THE TASK:
Pull every line containing "Advert" from the data.

* * *

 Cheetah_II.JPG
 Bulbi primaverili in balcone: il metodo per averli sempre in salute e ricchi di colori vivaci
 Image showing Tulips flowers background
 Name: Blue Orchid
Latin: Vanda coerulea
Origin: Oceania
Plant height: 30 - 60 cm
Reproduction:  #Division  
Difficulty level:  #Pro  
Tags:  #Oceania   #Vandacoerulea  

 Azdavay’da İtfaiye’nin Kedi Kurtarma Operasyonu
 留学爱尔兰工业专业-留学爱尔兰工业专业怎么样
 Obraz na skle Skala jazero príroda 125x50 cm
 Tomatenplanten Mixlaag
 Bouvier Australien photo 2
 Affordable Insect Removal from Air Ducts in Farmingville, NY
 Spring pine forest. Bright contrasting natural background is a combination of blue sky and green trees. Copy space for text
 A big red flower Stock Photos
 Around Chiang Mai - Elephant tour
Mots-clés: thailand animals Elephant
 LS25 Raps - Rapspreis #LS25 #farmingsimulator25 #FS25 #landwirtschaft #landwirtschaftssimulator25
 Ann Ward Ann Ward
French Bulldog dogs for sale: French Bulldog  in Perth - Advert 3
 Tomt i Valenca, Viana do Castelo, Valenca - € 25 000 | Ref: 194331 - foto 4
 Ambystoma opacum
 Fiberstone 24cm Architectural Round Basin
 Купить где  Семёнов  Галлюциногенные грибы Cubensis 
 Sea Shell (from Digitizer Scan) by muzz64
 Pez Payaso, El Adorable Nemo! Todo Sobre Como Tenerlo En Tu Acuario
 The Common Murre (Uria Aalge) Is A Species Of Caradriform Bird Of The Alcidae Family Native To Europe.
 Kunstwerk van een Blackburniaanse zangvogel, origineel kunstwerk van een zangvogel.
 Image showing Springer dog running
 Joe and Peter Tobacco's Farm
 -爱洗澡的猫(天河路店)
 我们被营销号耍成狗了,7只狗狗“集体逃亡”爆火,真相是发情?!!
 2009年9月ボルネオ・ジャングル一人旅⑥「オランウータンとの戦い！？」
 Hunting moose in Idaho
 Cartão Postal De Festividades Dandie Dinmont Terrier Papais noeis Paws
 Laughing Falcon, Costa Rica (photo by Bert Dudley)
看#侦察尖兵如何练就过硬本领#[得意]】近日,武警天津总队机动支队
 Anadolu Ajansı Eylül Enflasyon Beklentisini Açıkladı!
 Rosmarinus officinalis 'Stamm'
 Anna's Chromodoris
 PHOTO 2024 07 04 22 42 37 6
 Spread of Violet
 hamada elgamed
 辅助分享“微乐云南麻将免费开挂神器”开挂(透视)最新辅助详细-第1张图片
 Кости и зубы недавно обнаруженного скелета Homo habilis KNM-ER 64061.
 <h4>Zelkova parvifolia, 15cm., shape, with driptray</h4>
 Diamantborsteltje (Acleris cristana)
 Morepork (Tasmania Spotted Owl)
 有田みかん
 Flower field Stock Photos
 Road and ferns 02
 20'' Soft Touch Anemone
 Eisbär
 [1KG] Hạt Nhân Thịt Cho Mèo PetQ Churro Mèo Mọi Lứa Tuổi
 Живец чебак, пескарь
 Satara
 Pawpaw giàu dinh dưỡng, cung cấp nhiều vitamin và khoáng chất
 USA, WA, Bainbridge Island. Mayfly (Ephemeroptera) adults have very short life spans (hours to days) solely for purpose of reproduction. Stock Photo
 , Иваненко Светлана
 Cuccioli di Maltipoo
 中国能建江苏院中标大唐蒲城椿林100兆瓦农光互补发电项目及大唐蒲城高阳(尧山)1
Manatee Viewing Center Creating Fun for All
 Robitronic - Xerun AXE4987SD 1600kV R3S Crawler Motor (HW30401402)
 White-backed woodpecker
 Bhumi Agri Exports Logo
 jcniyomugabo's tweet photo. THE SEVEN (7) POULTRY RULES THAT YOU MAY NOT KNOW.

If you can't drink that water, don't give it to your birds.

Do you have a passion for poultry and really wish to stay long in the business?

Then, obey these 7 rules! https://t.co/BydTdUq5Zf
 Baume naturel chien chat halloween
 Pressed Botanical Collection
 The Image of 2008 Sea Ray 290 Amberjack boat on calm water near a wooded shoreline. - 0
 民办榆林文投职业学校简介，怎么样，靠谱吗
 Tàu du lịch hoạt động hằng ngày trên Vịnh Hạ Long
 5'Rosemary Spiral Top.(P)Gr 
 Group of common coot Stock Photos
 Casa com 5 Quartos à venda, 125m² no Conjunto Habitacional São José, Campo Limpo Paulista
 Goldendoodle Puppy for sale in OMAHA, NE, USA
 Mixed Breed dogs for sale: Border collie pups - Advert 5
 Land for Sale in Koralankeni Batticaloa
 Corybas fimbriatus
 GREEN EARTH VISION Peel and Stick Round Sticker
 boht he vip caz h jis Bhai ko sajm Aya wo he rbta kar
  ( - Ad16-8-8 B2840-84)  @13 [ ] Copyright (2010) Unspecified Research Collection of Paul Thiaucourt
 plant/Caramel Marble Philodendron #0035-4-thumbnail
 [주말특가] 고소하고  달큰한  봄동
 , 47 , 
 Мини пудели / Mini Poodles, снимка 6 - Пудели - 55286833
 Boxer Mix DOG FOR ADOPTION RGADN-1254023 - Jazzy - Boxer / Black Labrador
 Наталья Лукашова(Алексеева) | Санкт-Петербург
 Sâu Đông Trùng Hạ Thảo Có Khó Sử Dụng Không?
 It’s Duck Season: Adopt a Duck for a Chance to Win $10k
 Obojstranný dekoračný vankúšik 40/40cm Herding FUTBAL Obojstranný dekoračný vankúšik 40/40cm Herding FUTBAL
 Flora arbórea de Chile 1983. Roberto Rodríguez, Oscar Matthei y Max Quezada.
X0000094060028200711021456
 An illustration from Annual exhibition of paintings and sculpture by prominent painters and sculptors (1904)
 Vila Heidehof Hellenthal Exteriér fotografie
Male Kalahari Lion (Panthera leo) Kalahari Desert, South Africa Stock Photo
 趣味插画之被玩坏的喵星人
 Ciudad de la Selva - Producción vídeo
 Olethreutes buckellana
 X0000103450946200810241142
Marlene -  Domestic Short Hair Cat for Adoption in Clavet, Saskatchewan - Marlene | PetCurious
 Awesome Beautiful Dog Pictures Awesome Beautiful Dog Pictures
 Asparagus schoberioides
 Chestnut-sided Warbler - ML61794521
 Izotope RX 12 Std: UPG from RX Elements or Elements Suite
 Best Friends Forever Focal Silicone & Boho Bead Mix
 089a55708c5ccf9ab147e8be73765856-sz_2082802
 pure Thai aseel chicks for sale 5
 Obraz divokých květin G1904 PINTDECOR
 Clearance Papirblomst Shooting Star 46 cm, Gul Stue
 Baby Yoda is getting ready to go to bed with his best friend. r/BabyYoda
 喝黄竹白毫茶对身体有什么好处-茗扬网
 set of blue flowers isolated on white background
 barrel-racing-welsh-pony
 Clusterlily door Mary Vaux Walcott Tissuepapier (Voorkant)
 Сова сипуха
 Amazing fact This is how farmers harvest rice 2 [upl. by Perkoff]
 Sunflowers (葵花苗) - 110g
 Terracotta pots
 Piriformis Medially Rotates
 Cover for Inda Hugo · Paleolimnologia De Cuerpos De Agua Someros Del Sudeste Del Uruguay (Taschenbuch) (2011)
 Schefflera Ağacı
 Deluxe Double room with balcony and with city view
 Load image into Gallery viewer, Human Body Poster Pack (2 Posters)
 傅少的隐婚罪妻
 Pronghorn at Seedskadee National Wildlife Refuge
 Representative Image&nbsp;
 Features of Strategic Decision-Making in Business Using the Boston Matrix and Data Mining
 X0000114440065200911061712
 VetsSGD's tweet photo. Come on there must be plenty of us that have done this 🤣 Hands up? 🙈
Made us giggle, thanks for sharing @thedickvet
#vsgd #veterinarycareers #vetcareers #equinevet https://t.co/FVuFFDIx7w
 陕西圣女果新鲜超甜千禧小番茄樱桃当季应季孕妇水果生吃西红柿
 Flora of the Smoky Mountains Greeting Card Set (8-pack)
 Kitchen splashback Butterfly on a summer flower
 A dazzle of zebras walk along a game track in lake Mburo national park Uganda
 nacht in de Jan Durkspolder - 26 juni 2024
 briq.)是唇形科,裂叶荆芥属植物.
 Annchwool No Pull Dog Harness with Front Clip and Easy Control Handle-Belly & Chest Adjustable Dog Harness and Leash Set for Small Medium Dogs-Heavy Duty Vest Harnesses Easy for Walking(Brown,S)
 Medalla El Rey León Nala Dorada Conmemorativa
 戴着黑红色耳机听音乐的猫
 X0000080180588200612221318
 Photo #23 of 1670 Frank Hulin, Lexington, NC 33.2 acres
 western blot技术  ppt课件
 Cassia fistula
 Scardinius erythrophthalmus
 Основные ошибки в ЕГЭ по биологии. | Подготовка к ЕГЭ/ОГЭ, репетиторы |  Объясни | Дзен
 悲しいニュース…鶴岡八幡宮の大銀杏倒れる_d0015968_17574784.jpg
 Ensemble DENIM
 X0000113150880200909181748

* * *

OUTPUT FOR THIS EXERCISE:
French Bulldog dogs for sale: French Bulldog  in Perth - Advert 3
 Mixed Breed dogs for sale: Border collie pups - Advert 5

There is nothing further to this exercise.